Using CSNNs to Perform Event-based Data Processing & Classification on ASL-DVS
Ria Patel, Sujit Tripathy, Zachary Sublett, Seoyoung An, Riya Patel
TL;DR
This work demonstrates a convolutional spiking neural network (CSNN) approach to processing event-based ASL-DVS data for gesture classification. It details a pipeline that handles neuromorphic data from AEDAT formats through DV Processing, culminating in a CSNN with three conv layers and a 24-neuron fully connected layer, trained with Adam and a surrogate-gradient-enabled backpropagation through time. The study reports 100% training accuracy on a subset and 81% validation accuracy, highlighting the potential of CSNNs for asynchronous, sparse event streams while acknowledging overfitting and the need for regularization. The results underscore the practicality of neuromorphic methods for hand-gesture recognition and point to avenues for improved generalization and regularization in future work.
Abstract
Recent advancements in bio-inspired visual sensing and neuromorphic computing have led to the development of various highly efficient bio-inspired solutions with real-world applications. One notable application integrates event-based cameras with spiking neural networks (SNNs) to process event-based sequences that are asynchronous and sparse, making them difficult to handle.

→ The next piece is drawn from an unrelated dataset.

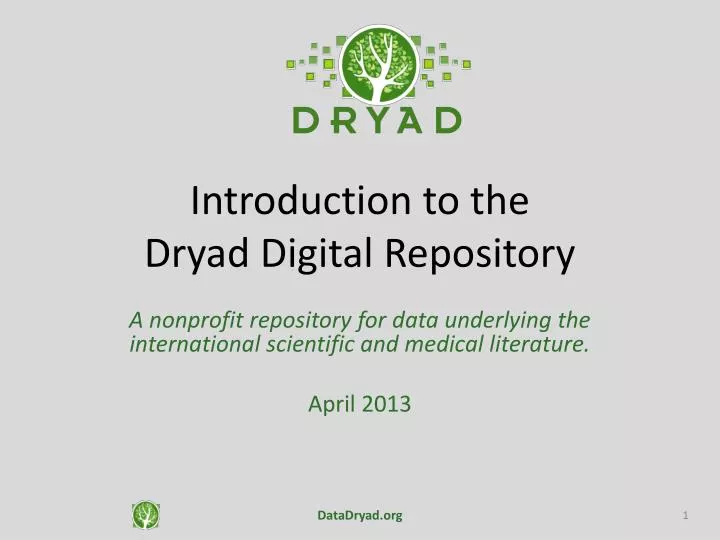introduction to the dryad digital repository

In this project, we develop a convolutional spiking neural network (CSNN) architecture that leverages convolutional operations and recurrent properties of a spiking neuron to learn the spatial and temporal relations in the ASL-DVS gesture dataset. The ASL-DVS gesture dataset is a neuromorphic dataset containing hand gestures when displaying 24 letters (A to Y, excluding J and Z due to the nature of their symbols) from the American Sign Language (ASL). We performed classification on a pre-processed subset of the full ASL-DVS dataset to identify letter signs and achieved 100\% training accuracy. Specifically, this was achieved by training in the Google Cloud compute platform while using a learning rate of 0.0005, batch size of 25 (total of 20 batches), 200 iterations, and 10 epochs.